Decoding Metrics: The Universal Language of Observability

Last edited: March 6, 2025

Esperanto. Developed in 1887, it had visions of being a universal language into which all other languages were translated rather than learning each individual language. The creator, LL Zamenhof, had high hopes for his creation.

“Were there but an international language, all translations would be made into it alone ... and all nations would be united in a common brotherhood.”

More than 140 years later, the world's population is fast approaching 7 billion, and the Esperantists, as they are known, have grown to … about 100,000. Certainly not the unifying language it was hoped to be.

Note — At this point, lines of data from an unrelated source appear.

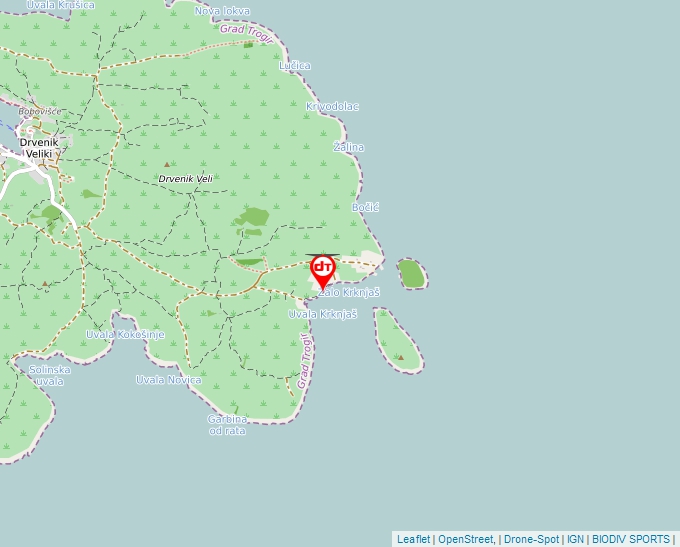 Carte Géoportail pour les drones de loisir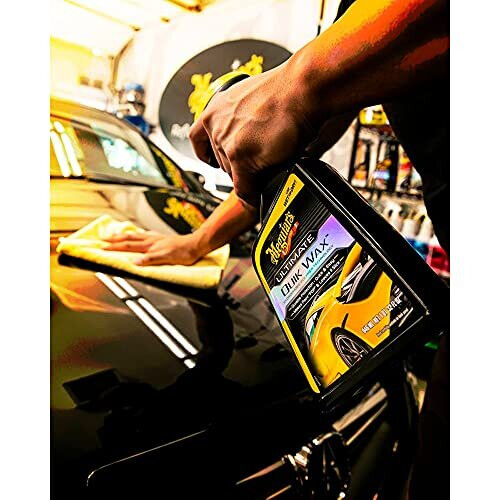 Meguiar's G200916EU Ultimate Quik Spray Wax 473ml, για γυαλιστερό φινίρισμα 1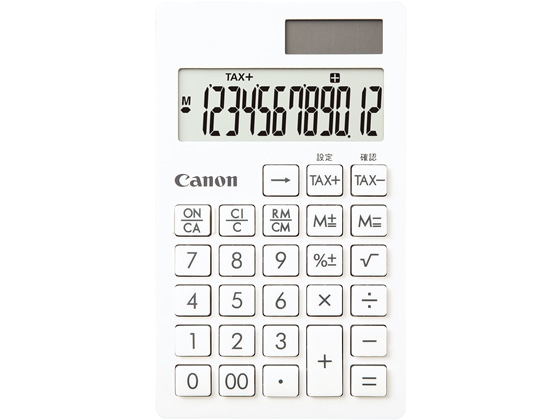キヤノン 手帳電卓 SI-12T SOB 0933C001 1台(ご注文単位1台)【直送品】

Unless you consider logs, metrics, and traces as languages, I am not a linguist or a polyglot. And, if you consider how misunderstood metrics are in the world, maybe I am a polyglot, after all.

Let’s talk about metrics, what they are, and why they are so damn complicated to understand.

In the world of observability, metrics have become our Esperanto, a universal language that promises clarity but often leads to confusion. As we'll explore, the complexity of metrics poses significant challenges for organizations striving for effective observability.

Organizations struggling with metric management often face increased costs, slower incident resolution times, and difficulty in making data-driven decisions. These challenges can directly impact competitiveness and bottom-line results in today's fast-paced digital environment.

First, though, let’s take a step back. What are metrics, anyway?

What Are Metrics?

Metrics is a measurement from a point in time. Sounds simple, right? Not exactly. While the measurement is numeric, that’s where the simplicity ends. Counters go up until they are reset, unless you are using the OpenTelemetry Metrics format. OTLP Metrics uses a monotonic sum instead of a counter and non-monotonic sum as a gauge.

In addition to counters that are counters and counters that are gauges (think your speedometer), we’ve also got timers, gauge deltas, and sets from Statsd, gauges, histograms, and summaries from Prometheus, with OpenTelemetry Metrics bringing exponentialhistograms (yes, all one word!) to the table.

Confused? You are not alone. Confusion does not help observability, yet observability is built on a foundation of metrics. What could possibly go wrong?!?

Why Are Metrics So Damned Hard?

The best way to answer this question is with a classic xkcd comic about standards.

https://xkcd.com/927/

We’ve already discussed the most common metrics standards. Here’s their order of introduction, from oldest to newest.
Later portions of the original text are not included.